PROBLEM TO SOLVE: Every entry below should be printed exactly.

---- RECORDED INFORMATION

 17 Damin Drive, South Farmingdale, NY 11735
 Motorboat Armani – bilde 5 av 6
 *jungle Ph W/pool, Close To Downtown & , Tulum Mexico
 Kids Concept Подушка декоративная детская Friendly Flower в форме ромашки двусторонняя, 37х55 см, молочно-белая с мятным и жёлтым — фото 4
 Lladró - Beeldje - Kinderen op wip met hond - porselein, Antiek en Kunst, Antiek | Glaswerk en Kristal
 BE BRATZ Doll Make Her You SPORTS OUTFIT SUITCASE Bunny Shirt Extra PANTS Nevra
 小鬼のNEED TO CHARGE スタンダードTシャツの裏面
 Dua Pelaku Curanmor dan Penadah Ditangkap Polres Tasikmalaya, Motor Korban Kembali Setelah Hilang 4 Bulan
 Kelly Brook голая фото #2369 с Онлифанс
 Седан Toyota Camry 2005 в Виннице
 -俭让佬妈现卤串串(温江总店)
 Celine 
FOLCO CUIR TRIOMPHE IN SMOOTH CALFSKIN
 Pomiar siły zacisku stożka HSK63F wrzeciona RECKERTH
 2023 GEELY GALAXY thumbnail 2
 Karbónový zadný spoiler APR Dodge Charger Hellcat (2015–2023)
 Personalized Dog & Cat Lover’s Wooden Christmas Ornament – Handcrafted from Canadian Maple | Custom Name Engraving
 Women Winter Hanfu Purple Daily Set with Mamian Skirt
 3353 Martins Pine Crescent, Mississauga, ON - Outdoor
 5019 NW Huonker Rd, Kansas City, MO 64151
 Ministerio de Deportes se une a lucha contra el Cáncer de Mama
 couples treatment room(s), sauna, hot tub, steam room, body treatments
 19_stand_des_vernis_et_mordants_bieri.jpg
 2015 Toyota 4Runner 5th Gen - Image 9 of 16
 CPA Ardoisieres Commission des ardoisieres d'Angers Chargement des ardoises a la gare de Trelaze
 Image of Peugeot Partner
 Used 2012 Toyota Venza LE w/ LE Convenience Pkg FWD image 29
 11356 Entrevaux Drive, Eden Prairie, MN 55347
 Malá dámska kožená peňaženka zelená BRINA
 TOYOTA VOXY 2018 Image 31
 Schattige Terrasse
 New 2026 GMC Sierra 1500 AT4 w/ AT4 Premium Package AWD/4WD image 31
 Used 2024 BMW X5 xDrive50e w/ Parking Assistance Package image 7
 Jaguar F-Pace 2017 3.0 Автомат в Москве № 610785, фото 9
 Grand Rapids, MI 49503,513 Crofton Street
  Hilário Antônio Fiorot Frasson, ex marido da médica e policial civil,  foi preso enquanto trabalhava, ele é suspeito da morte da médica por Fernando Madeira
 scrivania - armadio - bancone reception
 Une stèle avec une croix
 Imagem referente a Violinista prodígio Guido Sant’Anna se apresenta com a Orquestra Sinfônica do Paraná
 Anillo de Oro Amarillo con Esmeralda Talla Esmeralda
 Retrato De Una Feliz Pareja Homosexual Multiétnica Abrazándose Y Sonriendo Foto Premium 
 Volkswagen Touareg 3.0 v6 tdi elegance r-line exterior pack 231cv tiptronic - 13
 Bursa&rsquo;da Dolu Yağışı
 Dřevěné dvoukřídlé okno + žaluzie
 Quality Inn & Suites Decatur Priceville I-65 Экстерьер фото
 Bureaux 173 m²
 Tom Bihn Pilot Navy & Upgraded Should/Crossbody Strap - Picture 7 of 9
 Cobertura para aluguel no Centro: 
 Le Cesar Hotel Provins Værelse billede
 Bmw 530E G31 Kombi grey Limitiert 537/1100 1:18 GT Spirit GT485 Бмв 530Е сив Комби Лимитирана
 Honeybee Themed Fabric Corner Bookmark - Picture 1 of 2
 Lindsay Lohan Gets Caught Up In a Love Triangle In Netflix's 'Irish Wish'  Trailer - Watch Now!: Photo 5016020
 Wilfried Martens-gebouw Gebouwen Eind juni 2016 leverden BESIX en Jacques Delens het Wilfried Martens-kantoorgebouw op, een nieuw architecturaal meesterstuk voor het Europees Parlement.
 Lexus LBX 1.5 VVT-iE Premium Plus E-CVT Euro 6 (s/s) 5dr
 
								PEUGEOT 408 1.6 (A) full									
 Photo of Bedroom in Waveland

--------

EXERCISE ANSWER:
 17 Damin Drive, South Farmingdale, NY 11735
 Motorboat Armani – bilde 5 av 6
 *jungle Ph W/pool, Close To Downtown & , Tulum Mexico
 Kids Concept Подушка декоративная детская Friendly Flower в форме ромашки двусторонняя, 37х55 см, молочно-белая с мятным и жёлтым — фото 4
 Lladró - Beeldje - Kinderen op wip met hond - porselein, Antiek en Kunst, Antiek | Glaswerk en Kristal
 BE BRATZ Doll Make Her You SPORTS OUTFIT SUITCASE Bunny Shirt Extra PANTS Nevra
 小鬼のNEED TO CHARGE スタンダードTシャツの裏面
 Dua Pelaku Curanmor dan Penadah Ditangkap Polres Tasikmalaya, Motor Korban Kembali Setelah Hilang 4 Bulan
 Kelly Brook голая фото #2369 с Онлифанс
 Седан Toyota Camry 2005 в Виннице
 -俭让佬妈现卤串串(温江总店)
 Celine 
FOLCO CUIR TRIOMPHE IN SMOOTH CALFSKIN
 Pomiar siły zacisku stożka HSK63F wrzeciona RECKERTH
 2023 GEELY GALAXY thumbnail 2
 Karbónový zadný spoiler APR Dodge Charger Hellcat (2015–2023)
 Personalized Dog & Cat Lover’s Wooden Christmas Ornament – Handcrafted from Canadian Maple | Custom Name Engraving
 Women Winter Hanfu Purple Daily Set with Mamian Skirt
 3353 Martins Pine Crescent, Mississauga, ON - Outdoor
 5019 NW Huonker Rd, Kansas City, MO 64151
 Ministerio de Deportes se une a lucha contra el Cáncer de Mama
 couples treatment room(s), sauna, hot tub, steam room, body treatments
 19_stand_des_vernis_et_mordants_bieri.jpg
 2015 Toyota 4Runner 5th Gen - Image 9 of 16
 CPA Ardoisieres Commission des ardoisieres d'Angers Chargement des ardoises a la gare de Trelaze
 Image of Peugeot Partner
 Used 2012 Toyota Venza LE w/ LE Convenience Pkg FWD image 29
 11356 Entrevaux Drive, Eden Prairie, MN 55347
 Malá dámska kožená peňaženka zelená BRINA
 TOYOTA VOXY 2018 Image 31
 Schattige Terrasse
 New 2026 GMC Sierra 1500 AT4 w/ AT4 Premium Package AWD/4WD image 31
 Used 2024 BMW X5 xDrive50e w/ Parking Assistance Package image 7
 Jaguar F-Pace 2017 3.0 Автомат в Москве № 610785, фото 9
 Grand Rapids, MI 49503,513 Crofton Street
  Hilário Antônio Fiorot Frasson, ex marido da médica e policial civil,  foi preso enquanto trabalhava, ele é suspeito da morte da médica por Fernando Madeira
 scrivania - armadio - bancone reception
 Une stèle avec une croix
 Imagem referente a Violinista prodígio Guido Sant’Anna se apresenta com a Orquestra Sinfônica do Paraná
 Anillo de Oro Amarillo con Esmeralda Talla Esmeralda
 Retrato De Una Feliz Pareja Homosexual Multiétnica Abrazándose Y Sonriendo Foto Premium 
 Volkswagen Touareg 3.0 v6 tdi elegance r-line exterior pack 231cv tiptronic - 13
 Bursa&rsquo;da Dolu Yağışı
 Dřevěné dvoukřídlé okno + žaluzie
 Quality Inn & Suites Decatur Priceville I-65 Экстерьер фото
 Bureaux 173 m²
 Tom Bihn Pilot Navy & Upgraded Should/Crossbody Strap - Picture 7 of 9
 Cobertura para aluguel no Centro: 
 Le Cesar Hotel Provins Værelse billede
 Bmw 530E G31 Kombi grey Limitiert 537/1100 1:18 GT Spirit GT485 Бмв 530Е сив Комби Лимитирана
 Honeybee Themed Fabric Corner Bookmark - Picture 1 of 2
 Lindsay Lohan Gets Caught Up In a Love Triangle In Netflix's 'Irish Wish'  Trailer - Watch Now!: Photo 5016020
 Wilfried Martens-gebouw Gebouwen Eind juni 2016 leverden BESIX en Jacques Delens het Wilfried Martens-kantoorgebouw op, een nieuw architecturaal meesterstuk voor het Europees Parlement.
 Lexus LBX 1.5 VVT-iE Premium Plus E-CVT Euro 6 (s/s) 5dr
 
								PEUGEOT 408 1.6 (A) full									
 Photo of Bedroom in Waveland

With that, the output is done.